In this section, the authors discuss the methodology and findings related to the development and evaluation of a model for identifying bitter peptides (BPs) using two benchmark datasets: BTP640 and BTP720. The datasets were carefully curated, with BTP640 containing 320 BPs and 320 non-BPs, and BTP720 expanding upon this by including only peptides with unique bitter tastes. Both datasets were split into training and testing sets to facilitate fair comparisons. The authors employed the simplified molecular input line entry system (SMILES) and SELF-IES formats for data representation, enhancing the model’s ability to learn from the relatively short peptide sequences.

The architecture of the proposed model integrates pretrained language models, specifically variants of T5, to classify BPs. The T5 extractor processes input data, generating hidden states that are then classified by a dedicated head. The authors conducted extensive evaluations using various configurations, revealing that the multimodal approach—combining peptide sequences with SELF-IES representations—yielded the highest performance metrics across both datasets. Notably, the BioT5+ model with this multimodal input achieved significant improvements in classification metrics, underscoring the effectiveness of integrating diverse data modalities for BP prediction. The findings highlight the importance of model architecture and data representation in enhancing predictive performance in machine learning tasks related to biological data.

Limitations

The section on limitations highlights several areas for future enhancement of the xBitterT5 framework, which currently excels in identifying bitter peptides within the BTP640 and BTP720 datasets. One key limitation is its exclusive focus on bitter peptides; extending the model to encompass a wider range of flavor-associated peptides—such as those linked to sweet, sour, salty, and umami tastes—could significantly improve its capability to differentiate the molecular substructures tied to various flavors. This expansion necessitates the creation of a comprehensive dataset with accurately annotated labels to reduce ambiguities during training and enhance the model’s generalizability.

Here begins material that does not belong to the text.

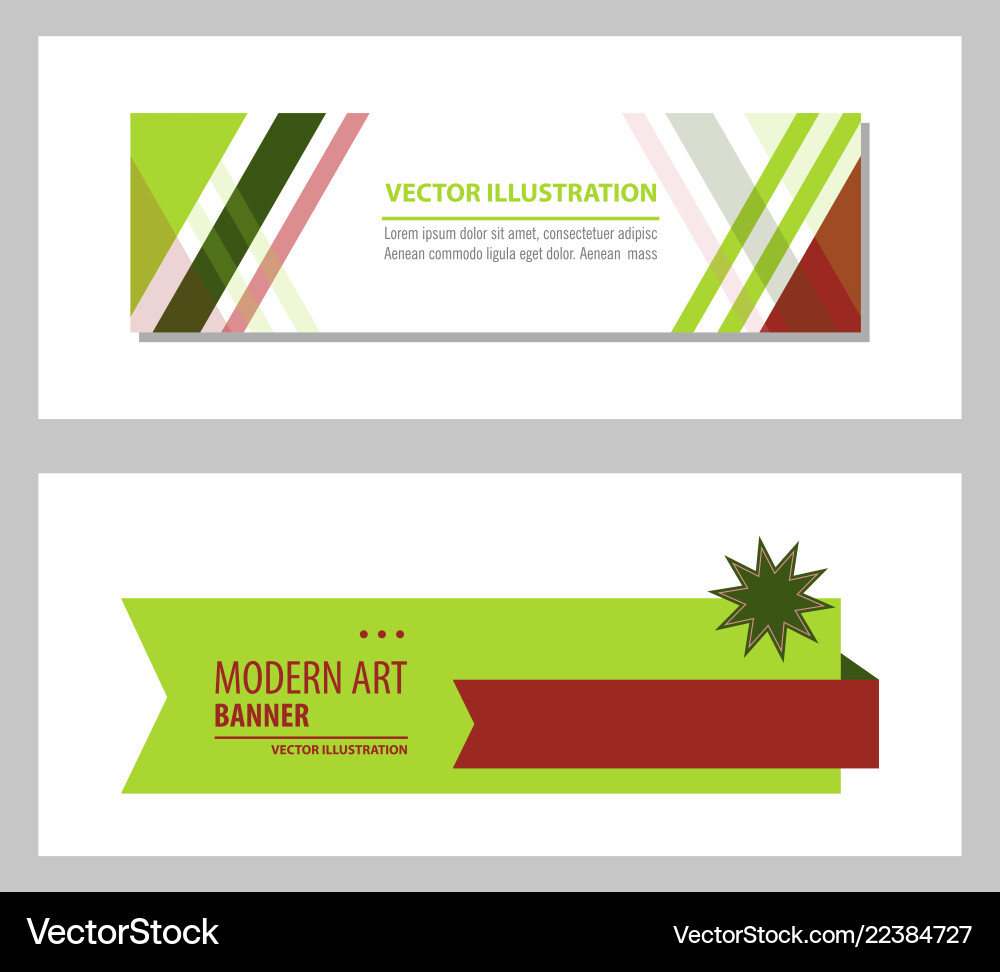 Set of flat linear promotion ribbon banner scroll Set of flat linear promotion ribbon banner scroll vector image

Additionally, the integration of pretrained models that utilize diverse molecular data representations, such as InChI, DeepSMILES, and Group SELFIES, is suggested as a fruitful avenue for exploration. This multimodal approach could yield a deeper understanding of the intricate relationship between peptide molecular structures and flavor perception. Furthermore, the methodology’s applicability extends beyond flavor peptides, presenting opportunities for the investigation of a wide array of peptide therapeutics, including anticancer, antimicrobial, tumor-homing, and cell-penetrating peptides. By employing chemically informed molecular representations, the proposed framework could facilitate systematic studies of the structural and functional characteristics of short peptide sequences, thereby advancing peptide-based drug discovery and design.